In principle fees can either be paid up-front at a discount, deferred and repaid via the tax system or paid via social transfer for students who qualify for a grant (or for all as we have it at present). As a starting point consider 50-50 burden sharing; universities should produce a full economic cost of their undergraduate provision, and then retrospectively be funded 50% of this en bloc by the state. This also recognizes that a well-educated population is a social and economic boon well worth investing in. It preserves their independence to maneuver and to set such fees as are deemed appropriate to make up the remaining economic cost. To ensure that cheaper courses do not overly subsidize expensive courses, no course could set fees that exceeded for example 175% of true economic costs. The consequence would be differential fees for courses within the same university and across the university sector. When combined with the freedom to offer such courses and directions as desired, and a CAO-like entry system, driven by prerequisites for specific courses as well as points and based on the courses and examinations of the IB, a system of student place allocation can take place which combines financial incentives and academic integrity.
The present debate is focused on fees being a replacement from exchequer funds.
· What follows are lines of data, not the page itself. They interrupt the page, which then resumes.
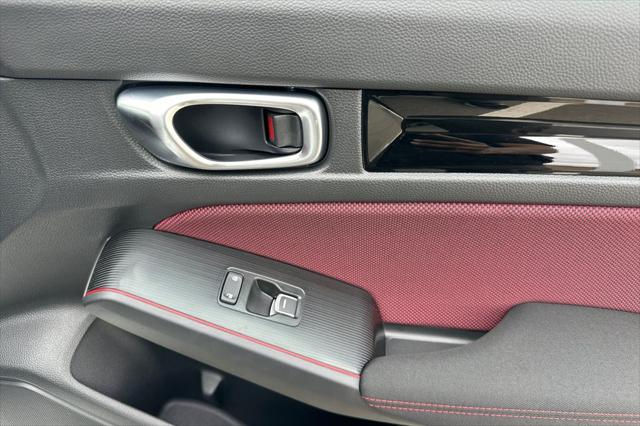 2026 Honda Civic Sedan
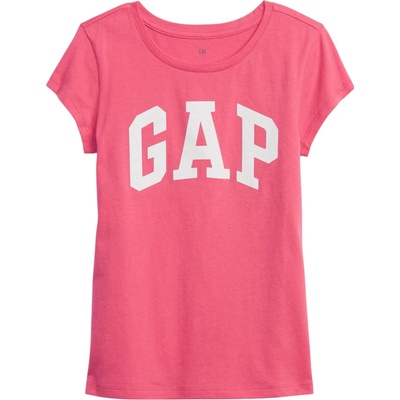 GAP Logo růžová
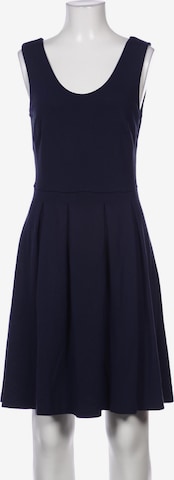 ESPRIT Kleid XS in Blau: predná strana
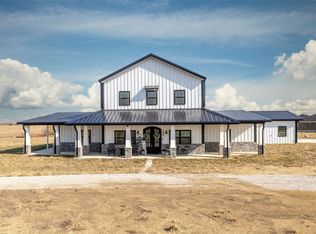 110 County Road 4411, Decatur, TX 76234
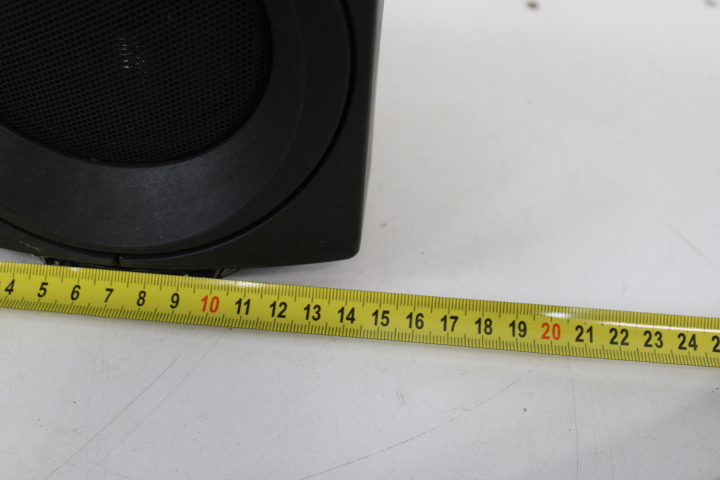 Wharfedale Modus Cube luidsprekers set – foto 17 – kavel bij GSD Auctions, Zoeterwoude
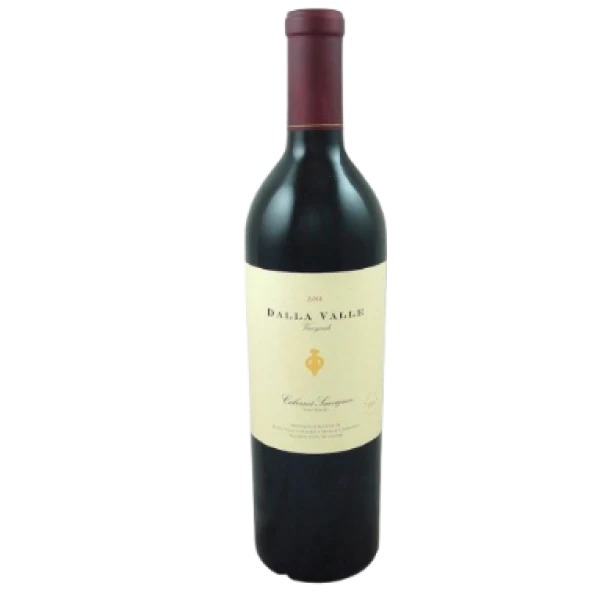 Dalla Valle Cabernet Sauvignon 2013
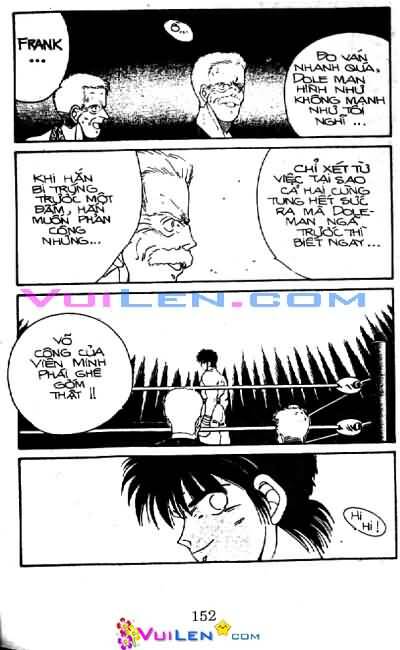 truyền nhân atula - shura no mon i chapter 15 153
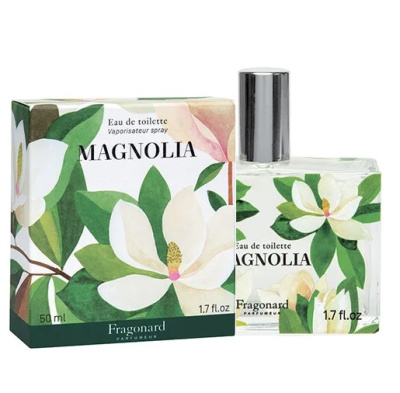 духи Fragonard Magnolia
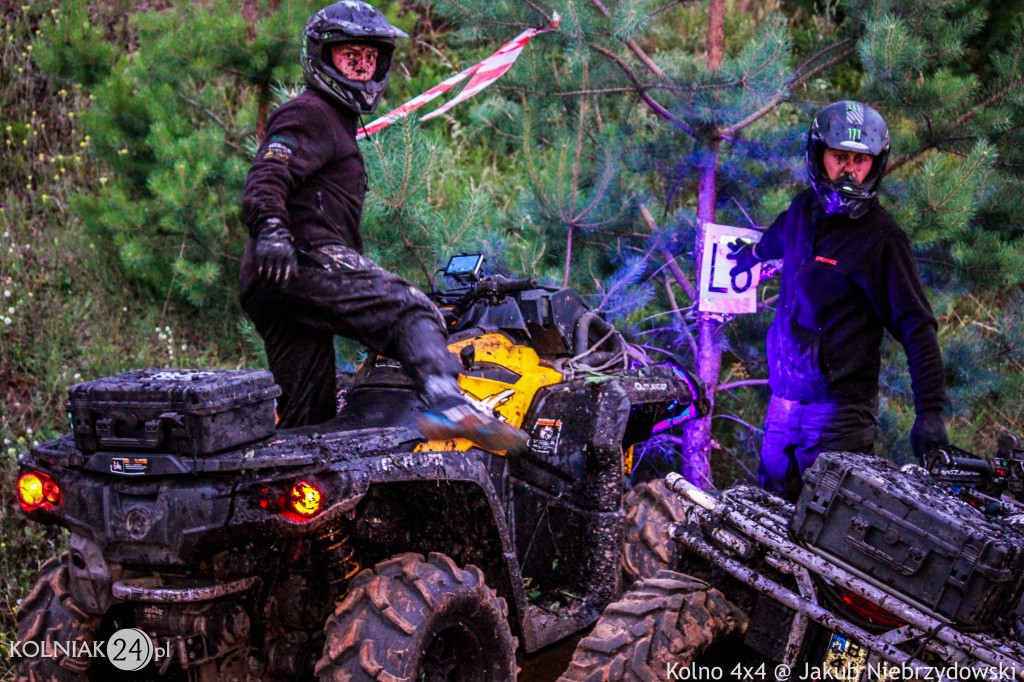 Rajd im. Jana z Kolna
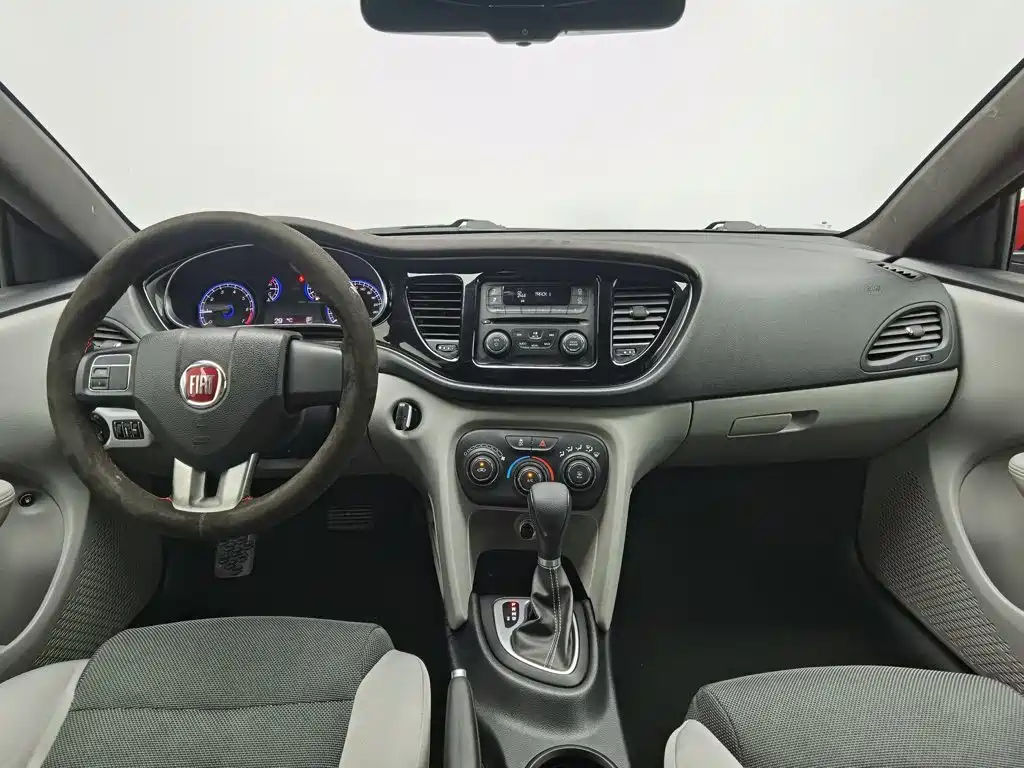 Fiat Ottimo — миниатюра 5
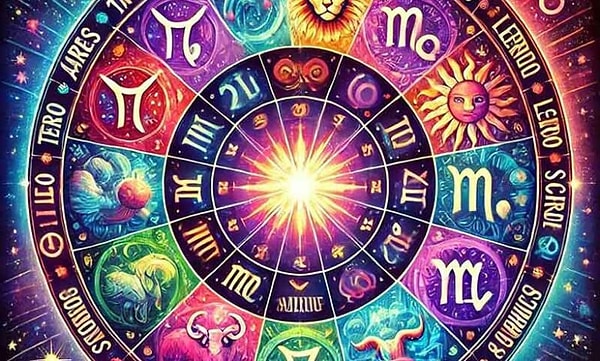 Burçlara, astrolojiye inanlar bu araştırma tam da size göre! ABD’li bir şirket, burçların yaşam sürelerini ortaya çıkardı. Görseli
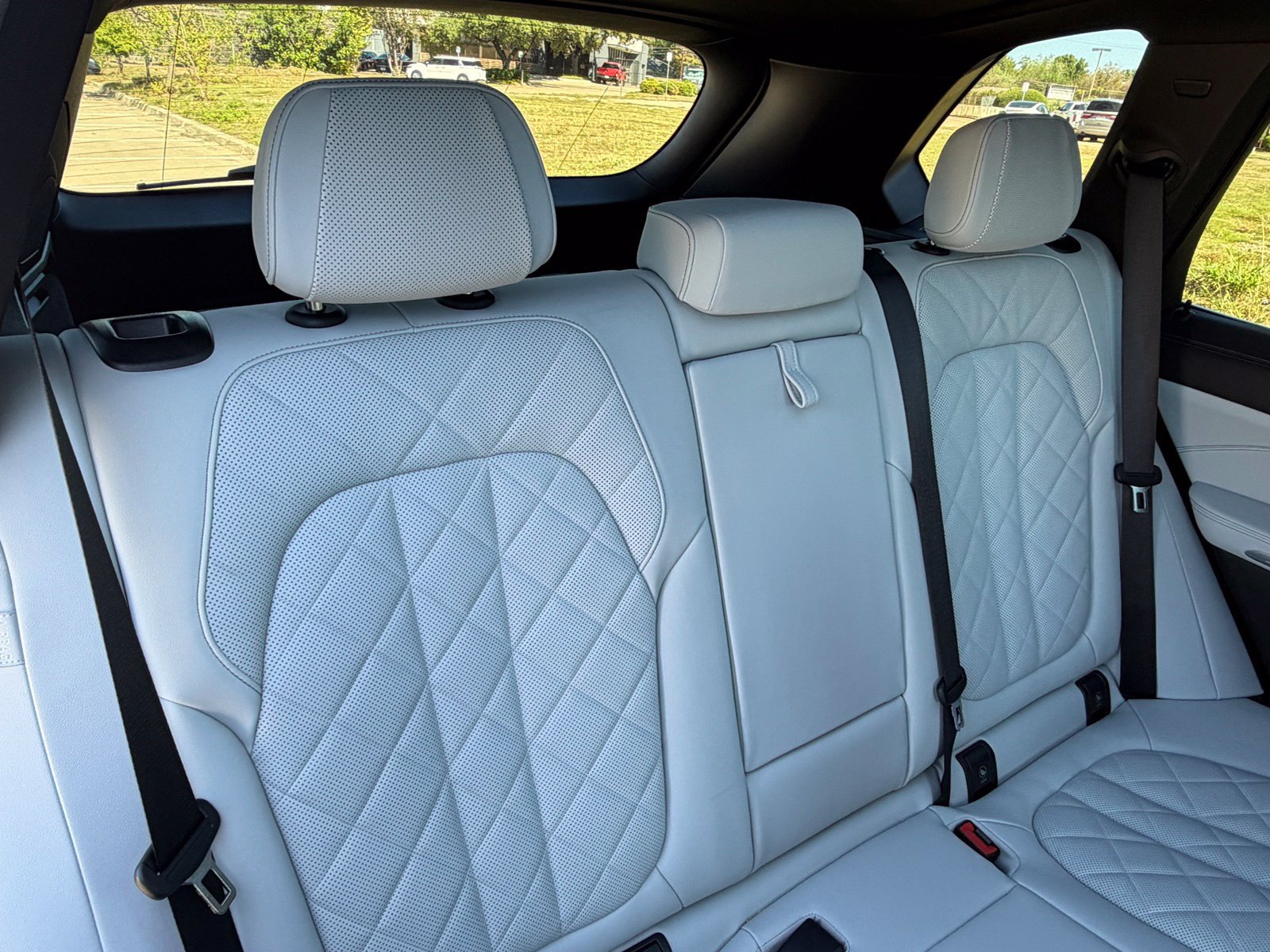 Used 2025 BMW X5 sDrive40i w/ Premium Package RWD image 43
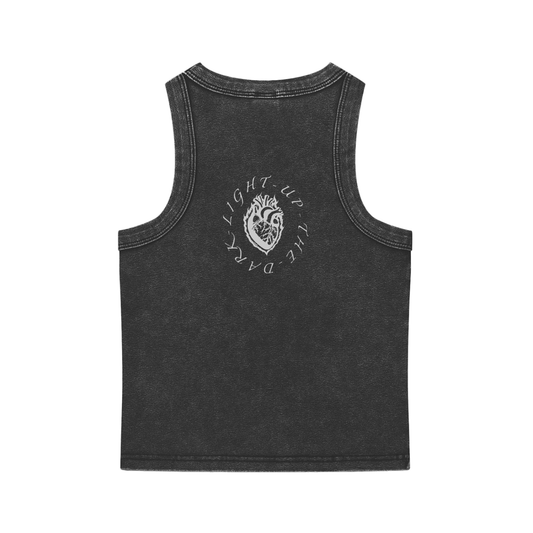 LIGHT UP THE DARK - WOMEN'S TANK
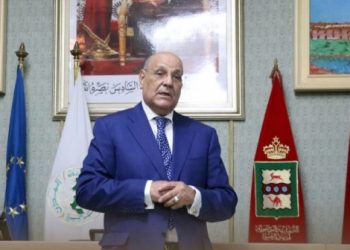 ولد الرشيد :أقاليم جنوب المملكة تشهد “طفرة اقتصادية” بقيادة صاحب الجلالة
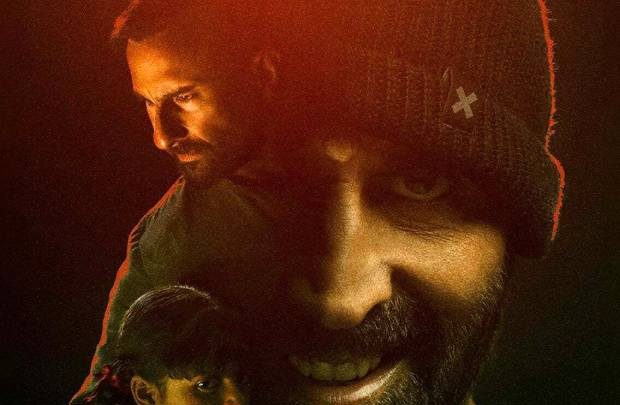 Haiwaan Advance Booking: Akshay Kumar-Saif Ali Khan starrer faces a tough start; Rs. 5 cr. opening on cards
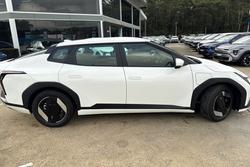 2026 Kia EV4 Air Standard Range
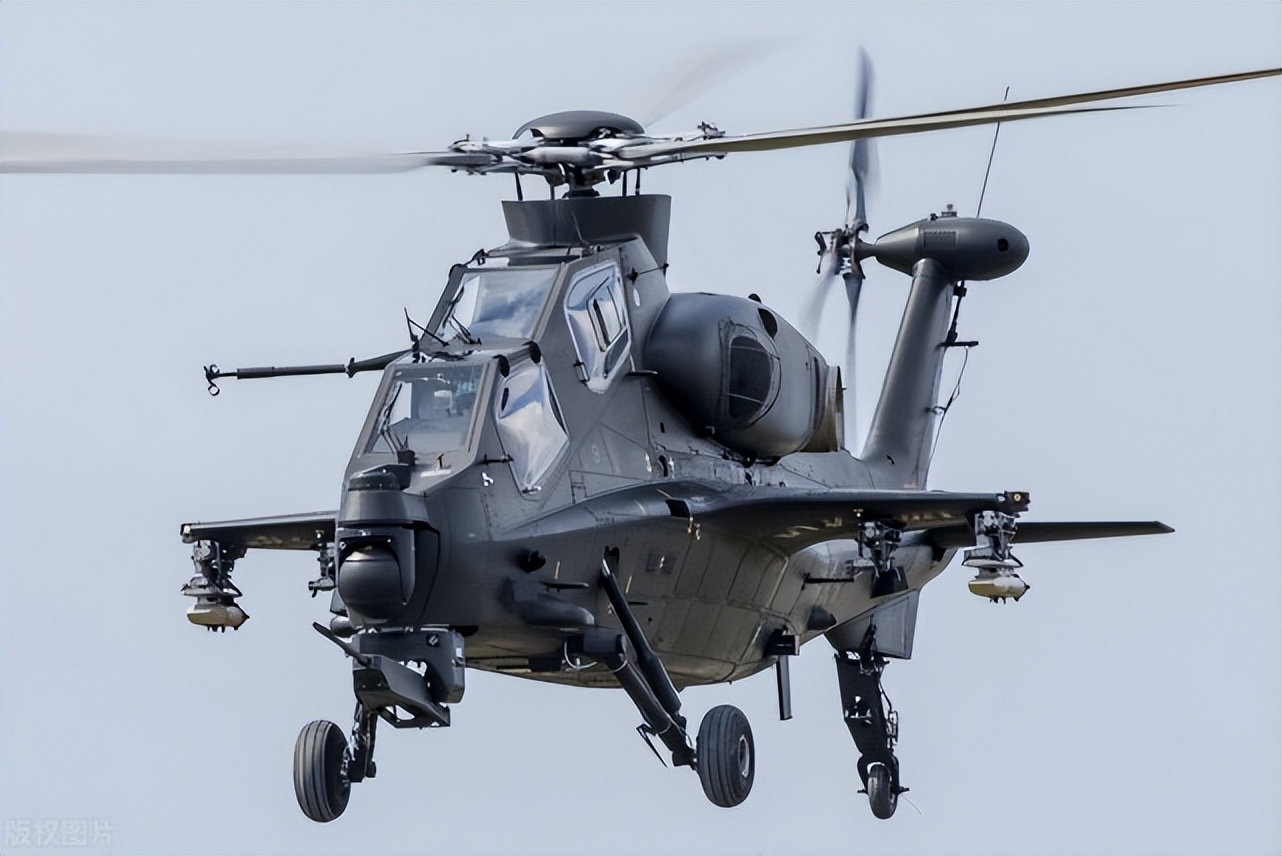 沙特也要买直10?美媒:巴基斯坦之后,沙特或将成直10第2个客户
It is said the hard cases make bad laws but it holds true to economic policy as well. The present fiscal distress of Ireland necessitates a rethink of higher education funding but it must be sensitive to households and the higher education sector as a whole or else it will undermine both organizations. If the objective is to reduce the burden on the exchequer of the higher education sector it will also have to be done in conjunction with a reduction in the managerial burden imposed on the sector by the HEA and other quangos
Such a set of solutions is radical. It requires bravery in facing up to entrenched vested interests in politics and in the universities. It requires a willingness to be bluntly truthful with the public. Whether such can be achieved in the Irish political system is dubious but the role of leaders is to lead.